It seems somewhat obvious that I can claim any self-employed earning but it's a matter of 'once burnt, twice shy' and I need to be 100% certain. I will call them anonymously if I have to but I don't want them flagging me.


----------



## screature (May 14, 2007)

I really don't know enough about your situation to be able to offer any good advice but based on what you are saying I don't think doing some self-employment work during a period of a claim would stop you from continuing to receive benefits, the monies you receive would simply be deducted form your benefit payment.

For more information try here:

Employment Insurance (EI) and self-employed, farmers and independent workers

and here:

Contact Information for Employment Insurance (EI)


----------



## corkybeans (Oct 10, 2011)

Thanks.... I have read all of this and it seems pretty straight forward. It's just that at one time, you could not claim earnings from self-employment so I'm a bit scarred. I will call them and get clarification.


----------



## Lichen Software (Jul 23, 2004)

If you have a local government office, I would be tempted to go and park myself and then ask questions.

A note on EI and self employment: From what I see it appears to be optional ... until you take it once. Then you are forever paying into EI whether you like it or not.

You will find there is a big divide between employment and self employment. Government makes payments to employees. Self employed are generally on their own. The government will love to declare you self employed. Then you are never in their stats or in their books.


----------



## corkybeans (Oct 10, 2011)

In case anyone ends up in my situation, here's the answer. There is a clause "In some circumstances..." where you can earn money from self-employment BUT... you can't just do it and claim that money. You have to apply, then your claim is suspended for up to three weeks while they make a decision if it's allowable, then you either get to make extra funds picking up odd jobs or they say you can't (and probably flag you, making you have to report to them more often than you should). There is also a Self-Employment Program that funds and assists you for 52 weeks.. a pilot program I believe, through the CBDC (Canadian Business Development Corporation). 

Sometimes, it's just best to let a sleeping dog lie.


----------



## Visual-Q (Dec 14, 2003)

Sounds like your typical government Catch 22. EI is supposed to help you out and get you back on your feet and yet as soon as you make any progress they pull the rug out from under you. It should be a simple matter of declaring the income and a formula for deducting a percentage from your EI earnings but of course it could never be that simple.
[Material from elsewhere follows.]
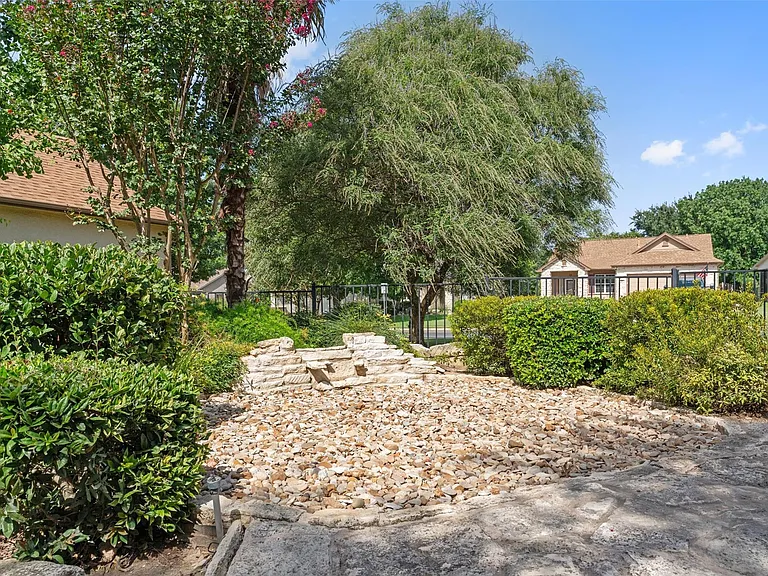 101 Dawson Trl — Photo 28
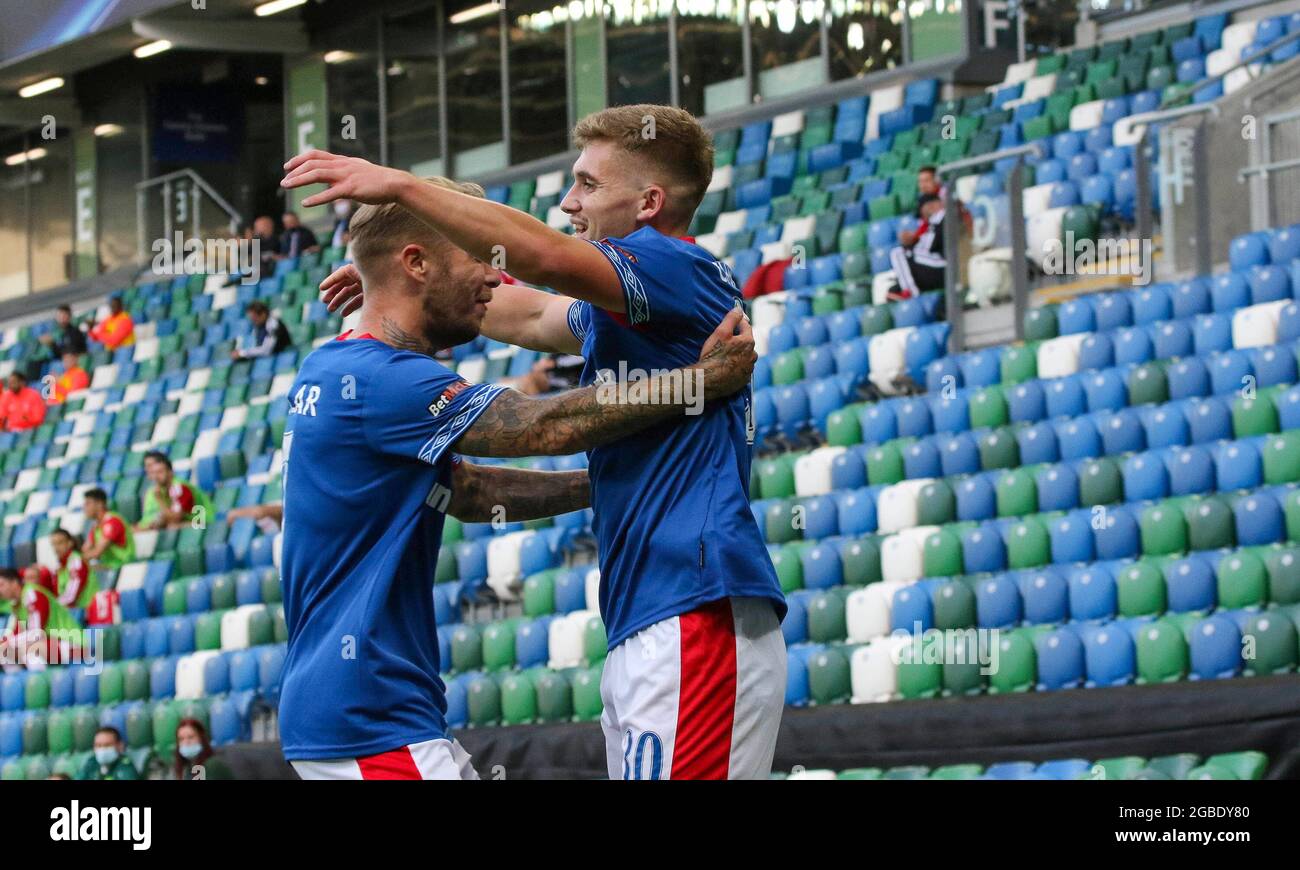 Windsor Park, Belfast, Nordirland, Großbritannien. 03 August 2021. UEFA Europa Conference League, Dritte Qualifikationsrunde (erste Etappe) – Linfield gegen CS Fola Esch. Action vom heutigen Spiel im Windsor Park (Linfield in Blau). Billy Chadwick (rechts) feiert, nachdem er Linfield nach zehn Minuten in eine 1-0-Führung gebracht hat. Kredit: CAZIMB/Alamy Live Nachrichten. Stockfoto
With respect to being self employed and using EI. I'm self employed and I don't really see how you could make it work at least as a designer. What are you going to do, make an EI claim every time you go a couple of weeks without work and cancel it the next day when someone calls? I guess if you had long-term contracts and lapses between it would work but otherwise...


----------



## corkybeans (Oct 10, 2011)

Yes, that's it exactly... a Catch 22. Thing for me is that I just waited 2 months for my claim to be accepted as I quit my job which would have been the perfect job outside of the abuse, wage loss threats and name calling. I worked off-site so it was almost bearable for the most part but I finally decided it was enough. Where I live, it's primarily bilingual (required) and I'm rural so not a lot of opportunities. I came here from the West with 20 years in prepress. It was for my husband's sake as I was watching him drive nails in his coffin with regards to overworking at his thankless job.

I told EI that a suspension was unacceptable given my circumstances plus the fact that my husband is on a fixed income (disability) that won't support us. That's when the woman I spoke to suggested the Self-Employment Program. Another Catch 22 in the making. At least I had the presence of mind to use call blocking when inquiring about this. I'm trying to do the right thing but at whose expense?


----------



## Kosh (May 27, 2002)

There's lots of catch-22's in EI, I just have to talk to my mom for a reminder.

For instance, from memory, they seem to classify certain locations in Canada less likely for employment, but my mom had to move to one of these locations to get a job, in fact she was more likely to get a job there. Ie. She had to move from the City (where they thought she was more likely to find a job) to a rural area (where they thought she was less likely to find a job). When in fact it was more likely she would find a job there AND it would cost here less to live there. Because of that she lost her EI benefit for a few months before she got her job in the country. 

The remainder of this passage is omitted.